- Tapsia Location in West Bengal, India Tapsia Tapsia (India)
- Coordinates: 22°15′40.5″N 86°54′53.6″E﻿ / ﻿22.261250°N 86.914889°E
- Country: India
- State: West Bengal
- District: Jhargram

Population (2011)
- • Total: 1,779

Languages
- • Official: Bengali, Santali, English
- Time zone: UTC+5:30 (IST)
- PIN: 721517 (Tapsia)
- Telephone/STD code: 03221
- Lok Sabha constituency: Jhargram
- Vidhan Sabha constituency: Gopiballavpur
- Website: jhargram.gov.in

= Tapsia =

Tapsia (also spelled Tapsiya) is a village in the Gopiballavpur II CD block in the Jhargram subdivision of the Jhargram district in the state of West Bengal, India.

==Geography==

===Location===
Tapsia is located at .

===Area overview===
Jhargram subdivision, the only one in Jhargram district, shown in the map alongside, is composed of hills, mounds and rolling lands. It is rather succinctly described in the District Human Development Report, 2011 (at that time it was part of Paschim Medinipur district), “The western boundary is more broken and picturesque, for the lower ranges of the Chhotanagpur Hills line the horizon, the jungle assumes the character of forest, and large trees begin to predominate. The soil, however, is lateritic, a considerable area is unproductive, almost uninhabited, especially in the extreme north-west where there are several hills over 1000 feet in height. The remainder of the country is an almost level plain broken only by the sand hills.” 3.48% of the population lives in urban areas and 96.52% lives in the rural areas. 20.11% of the total population belonged to scheduled castes and 29.37% belonged to scheduled tribes.

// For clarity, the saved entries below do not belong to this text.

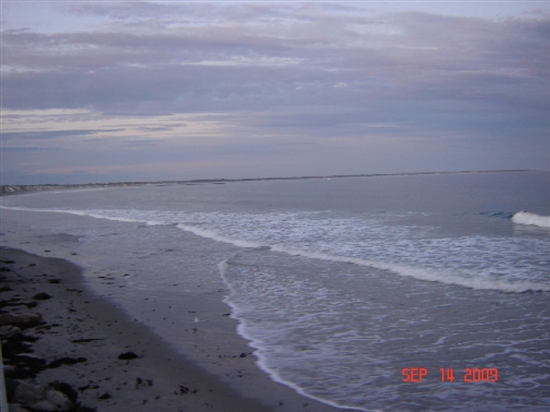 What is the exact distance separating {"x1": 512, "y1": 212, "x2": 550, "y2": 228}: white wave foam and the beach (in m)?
18.0

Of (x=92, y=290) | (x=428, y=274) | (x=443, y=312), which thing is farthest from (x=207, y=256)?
(x=443, y=312)

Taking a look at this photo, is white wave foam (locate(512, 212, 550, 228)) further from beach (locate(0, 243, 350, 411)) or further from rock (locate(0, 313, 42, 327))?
rock (locate(0, 313, 42, 327))

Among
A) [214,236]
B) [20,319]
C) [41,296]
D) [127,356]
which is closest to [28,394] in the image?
[127,356]

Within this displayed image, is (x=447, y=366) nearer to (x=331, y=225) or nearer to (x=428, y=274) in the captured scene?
(x=428, y=274)

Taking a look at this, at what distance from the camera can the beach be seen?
488 cm

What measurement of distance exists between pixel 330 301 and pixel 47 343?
185 inches

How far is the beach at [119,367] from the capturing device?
488 centimetres

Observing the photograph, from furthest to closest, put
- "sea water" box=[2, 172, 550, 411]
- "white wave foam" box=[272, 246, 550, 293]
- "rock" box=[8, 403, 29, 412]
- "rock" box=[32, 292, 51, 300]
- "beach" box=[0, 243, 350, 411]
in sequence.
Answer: "white wave foam" box=[272, 246, 550, 293] → "rock" box=[32, 292, 51, 300] → "sea water" box=[2, 172, 550, 411] → "beach" box=[0, 243, 350, 411] → "rock" box=[8, 403, 29, 412]

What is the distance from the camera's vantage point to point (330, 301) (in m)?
9.16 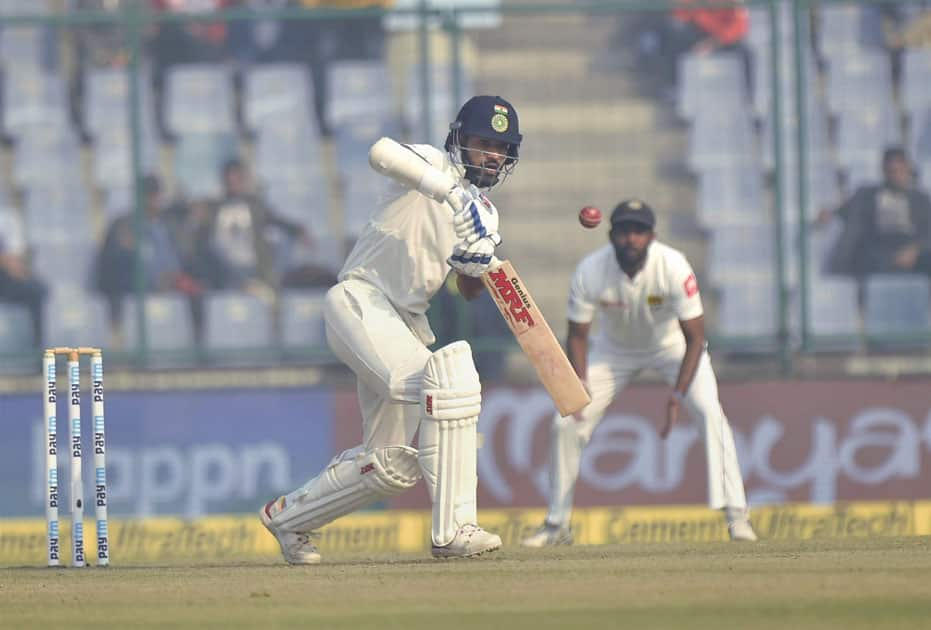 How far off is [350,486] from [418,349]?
595 mm

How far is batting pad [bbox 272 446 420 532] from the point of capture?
21.0 ft

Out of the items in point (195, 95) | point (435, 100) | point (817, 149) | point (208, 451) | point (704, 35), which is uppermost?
point (704, 35)

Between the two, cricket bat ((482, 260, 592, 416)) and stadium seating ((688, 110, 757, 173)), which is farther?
stadium seating ((688, 110, 757, 173))

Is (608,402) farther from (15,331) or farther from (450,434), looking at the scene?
(15,331)

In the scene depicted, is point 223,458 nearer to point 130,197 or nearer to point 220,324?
point 220,324

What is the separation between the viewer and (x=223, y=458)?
10.9m

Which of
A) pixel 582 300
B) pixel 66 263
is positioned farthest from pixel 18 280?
pixel 582 300

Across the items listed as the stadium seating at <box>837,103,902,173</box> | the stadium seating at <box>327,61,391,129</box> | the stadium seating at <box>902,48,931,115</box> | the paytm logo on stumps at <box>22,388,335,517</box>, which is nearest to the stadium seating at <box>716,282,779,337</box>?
the stadium seating at <box>837,103,902,173</box>

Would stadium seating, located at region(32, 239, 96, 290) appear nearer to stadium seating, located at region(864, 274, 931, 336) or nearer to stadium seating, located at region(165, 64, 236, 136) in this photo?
stadium seating, located at region(165, 64, 236, 136)

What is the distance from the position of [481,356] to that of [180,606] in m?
6.18

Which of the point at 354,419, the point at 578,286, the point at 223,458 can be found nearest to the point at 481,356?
the point at 354,419

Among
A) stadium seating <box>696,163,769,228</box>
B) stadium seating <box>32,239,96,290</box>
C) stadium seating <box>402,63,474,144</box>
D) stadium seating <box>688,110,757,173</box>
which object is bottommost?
stadium seating <box>32,239,96,290</box>

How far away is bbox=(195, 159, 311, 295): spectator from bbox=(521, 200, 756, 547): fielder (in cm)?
307

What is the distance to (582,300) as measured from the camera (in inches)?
356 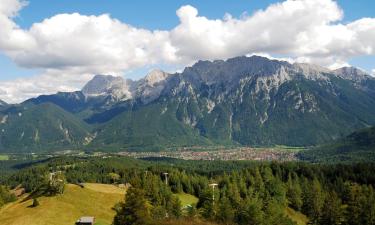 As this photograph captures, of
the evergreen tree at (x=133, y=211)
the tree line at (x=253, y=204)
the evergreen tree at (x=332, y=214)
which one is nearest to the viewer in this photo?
the evergreen tree at (x=133, y=211)

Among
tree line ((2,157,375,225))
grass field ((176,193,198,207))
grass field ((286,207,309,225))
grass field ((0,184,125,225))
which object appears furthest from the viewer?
Answer: grass field ((176,193,198,207))

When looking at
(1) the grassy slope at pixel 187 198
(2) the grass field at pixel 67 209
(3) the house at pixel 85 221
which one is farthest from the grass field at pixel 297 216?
(3) the house at pixel 85 221

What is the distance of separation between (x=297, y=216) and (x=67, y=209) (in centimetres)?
8095

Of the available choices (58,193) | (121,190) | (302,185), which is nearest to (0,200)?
(58,193)

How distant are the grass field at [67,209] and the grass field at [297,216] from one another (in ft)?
198

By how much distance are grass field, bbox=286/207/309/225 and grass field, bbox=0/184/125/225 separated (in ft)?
198

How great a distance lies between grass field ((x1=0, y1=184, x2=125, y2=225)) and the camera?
12912cm

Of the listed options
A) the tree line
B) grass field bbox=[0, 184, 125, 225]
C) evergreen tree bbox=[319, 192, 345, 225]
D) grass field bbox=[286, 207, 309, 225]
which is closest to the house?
grass field bbox=[0, 184, 125, 225]

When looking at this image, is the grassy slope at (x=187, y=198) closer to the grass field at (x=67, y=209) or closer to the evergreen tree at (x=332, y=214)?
the grass field at (x=67, y=209)

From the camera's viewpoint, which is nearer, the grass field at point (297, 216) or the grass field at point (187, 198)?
the grass field at point (297, 216)

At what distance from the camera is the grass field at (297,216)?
528ft

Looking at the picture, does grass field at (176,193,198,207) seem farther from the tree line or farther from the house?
the house

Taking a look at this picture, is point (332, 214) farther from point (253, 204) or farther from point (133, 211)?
point (133, 211)

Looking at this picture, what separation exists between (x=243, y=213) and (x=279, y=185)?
5584 centimetres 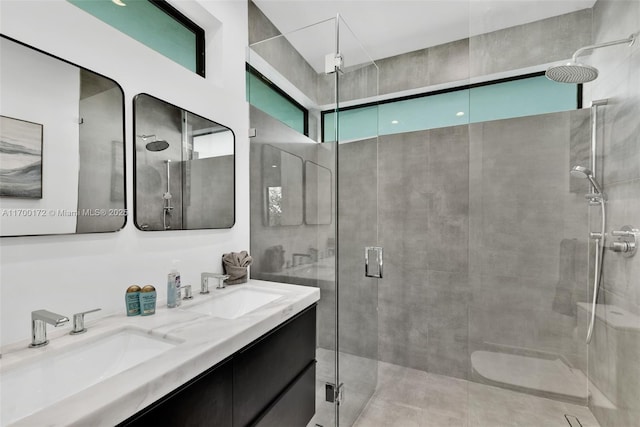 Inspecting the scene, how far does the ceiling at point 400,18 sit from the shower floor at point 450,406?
6.20 feet

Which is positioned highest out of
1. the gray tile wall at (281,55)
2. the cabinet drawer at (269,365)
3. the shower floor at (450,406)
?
the gray tile wall at (281,55)

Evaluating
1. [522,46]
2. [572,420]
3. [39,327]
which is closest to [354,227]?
[522,46]

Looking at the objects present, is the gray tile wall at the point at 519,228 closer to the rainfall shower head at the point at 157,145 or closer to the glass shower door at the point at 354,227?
the glass shower door at the point at 354,227

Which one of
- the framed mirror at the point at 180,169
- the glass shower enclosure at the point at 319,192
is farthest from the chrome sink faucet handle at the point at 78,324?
the glass shower enclosure at the point at 319,192

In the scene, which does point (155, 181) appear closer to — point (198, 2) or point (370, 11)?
point (198, 2)

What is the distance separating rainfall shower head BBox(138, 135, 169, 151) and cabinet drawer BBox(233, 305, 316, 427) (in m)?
1.00

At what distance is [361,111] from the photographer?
2.03 m

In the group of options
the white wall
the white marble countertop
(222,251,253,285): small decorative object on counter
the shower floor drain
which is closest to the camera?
the white marble countertop

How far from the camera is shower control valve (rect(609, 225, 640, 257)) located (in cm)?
137

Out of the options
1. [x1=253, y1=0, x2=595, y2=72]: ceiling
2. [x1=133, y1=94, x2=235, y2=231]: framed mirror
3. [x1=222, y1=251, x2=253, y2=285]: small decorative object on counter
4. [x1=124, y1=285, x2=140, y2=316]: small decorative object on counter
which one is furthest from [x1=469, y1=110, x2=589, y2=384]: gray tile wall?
→ [x1=124, y1=285, x2=140, y2=316]: small decorative object on counter

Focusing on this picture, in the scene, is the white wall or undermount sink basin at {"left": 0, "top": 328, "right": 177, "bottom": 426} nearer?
undermount sink basin at {"left": 0, "top": 328, "right": 177, "bottom": 426}

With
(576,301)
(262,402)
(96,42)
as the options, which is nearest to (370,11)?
(96,42)

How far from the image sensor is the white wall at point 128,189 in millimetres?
999

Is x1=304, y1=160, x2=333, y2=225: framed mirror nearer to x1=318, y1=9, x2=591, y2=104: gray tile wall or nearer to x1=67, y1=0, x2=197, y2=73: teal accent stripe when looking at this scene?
x1=318, y1=9, x2=591, y2=104: gray tile wall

Note: The map alongside presents some of the notable locations in the subdivision. All places marked in the map are linked in the larger full screen map.

==Demographics==
According to the 2011 Census of India, Tapsia had a total population of 1,779 of which 903 (51%) were males and 876 (49%) were females. Population in the age range 0-6 years was 203. The total number of literate persons in Tapsia was 1,161 (65.26% of the population over 6 years).

==Transport==
State Highway 9 running from Durgapur (in Bardhaman district) to Nayagram (in Paschim Medinipur) passes through Tapsia and Gopiballavpur.

==Education==
Tapsia Vidyasagar Sikshayatan is a coeducational high school at Tapsia.

==Healthcare==
Tapsia Rural Hospital, with 30 beds at Tapsia, is a major government medical facility in the Gopiballavpur II CD block.